Regarding the EGFR squamostanin A complex, a sudden flip was noted between 10 and 20ns as reflected in the RMSD values; meanwhile, the loop containing region of the protein complex demonstrated major conformational changes between 50 and 60 ns that reverted back to the normal range at the end of the 100ns. The stability of the Rg values confirmed the good binding of the squamostanin A inside the binding pocket with no induction of unfolding. Unfortunately, the molecular interactions with squamostanin A were not seen to be consistent and stable here.
Annopurpuricin-A complex with BCL2 enzyme was stable in the period 3-3.5A with a slight deviation at the end of the simulation. A tendency of unfolding was revealed at the end of the simulation time according to the measured RMSF values, and some unfolding was experienced during the time 80 to 95ns. Overall, the complex showed no flexibility and remained compact.

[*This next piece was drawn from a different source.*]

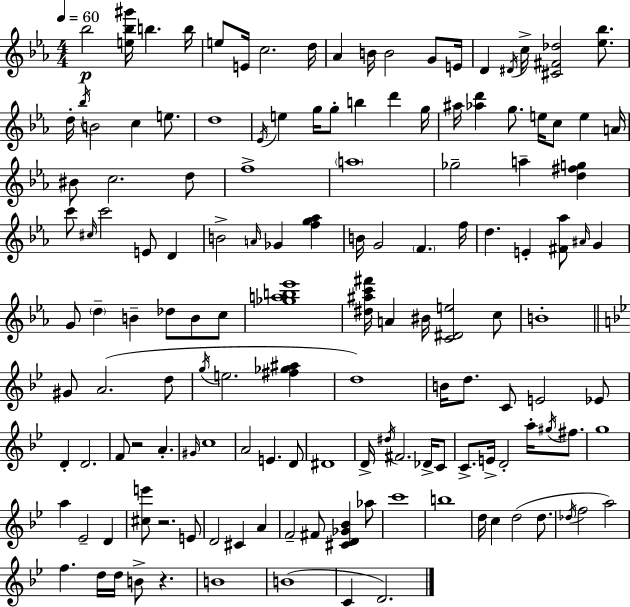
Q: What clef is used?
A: treble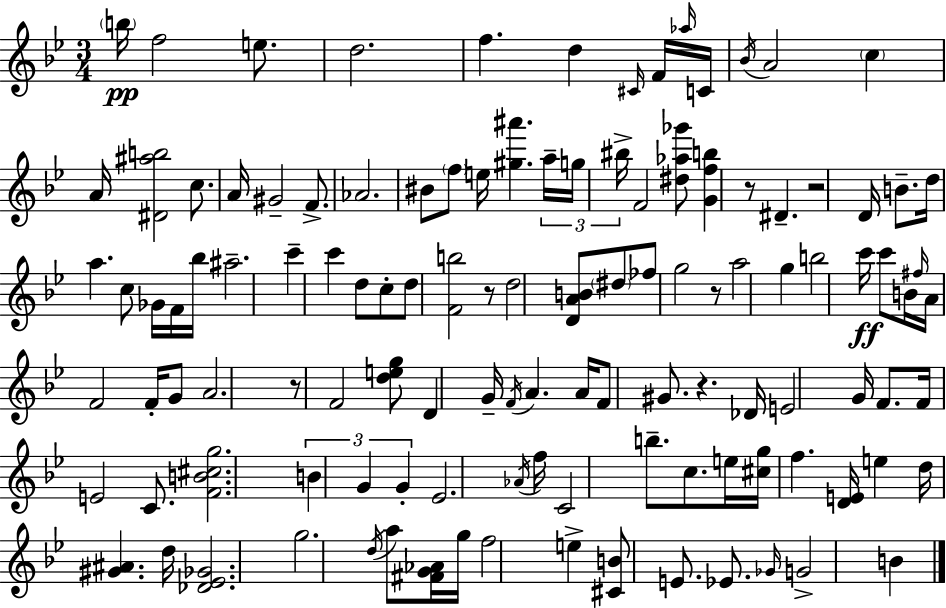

The Mcl-1 protein complex with squamocin IV showed no conformational changes, and the fluctuations were minimal except for the C-terminal. The molecular interactions between the ligand and MCl-1, namely the four hydrogen bonds with Lys234, His252, Arg263, and Thr266 were stable during the simulation. The native ligand showed analogous binding to Arg263 and Thr266, which are core residues in the MCl-1 enzyme.
The ADME (Absorption, Distribution, Metabolism, Excretion) and drug likeness descriptors were calculated using the QikProp wizard for all the selected scaffold molecules (Table1). The filtering strategy was employed before conducting the molecular docking procedures to exclude the carbon skeletons with unpromising pharmacokinetics and pharmacodynamics. Twenty-five properties were used in the QikProp tool to indicate the molecules that lie within the 95% range of known drugs, and the rest are omitted. This favorable range is reflected through a value of #stars index, which should be between 0 and 5. All the compounds reported a suitable #Stars value in this study and were included for further analysis. Lipinski’ rule of five expressed the weight of parameters like hydrogen bonds for donors and acceptors, with a value not exceeding 5 for the former and not exceeding 10 for the latter. The hydrophobicity ratio between octanol and water or the partition coefficient value must remain equal to or less than 5 together with a molecular weight not over 500Da. By assessing solubility prediction, permeability and liver first pass factors, compounds bioavailability was estimated using the Jorgensen’s rule of three. While Caco-2 cell rate permeability (BIPcaco-2) should be greater than 22, the aqueous solubility (LogSwat) must be more than 5.7, and the metabolites number should not be over 7. In the same way, skin permeability characteristics (LogKp)together with human oral absorption (1–3) were considered.
The QPlogBB term expressed a value from 3.0 to 1.2 and indicated the absorption coefficient of the blood brain barrier. A satisfactory drug likeness was inferred as the QPlogKhsa coefficient denoting the plasma protein binding showed more than 90% binding to all of the compounds with an adequate blood brain absorption.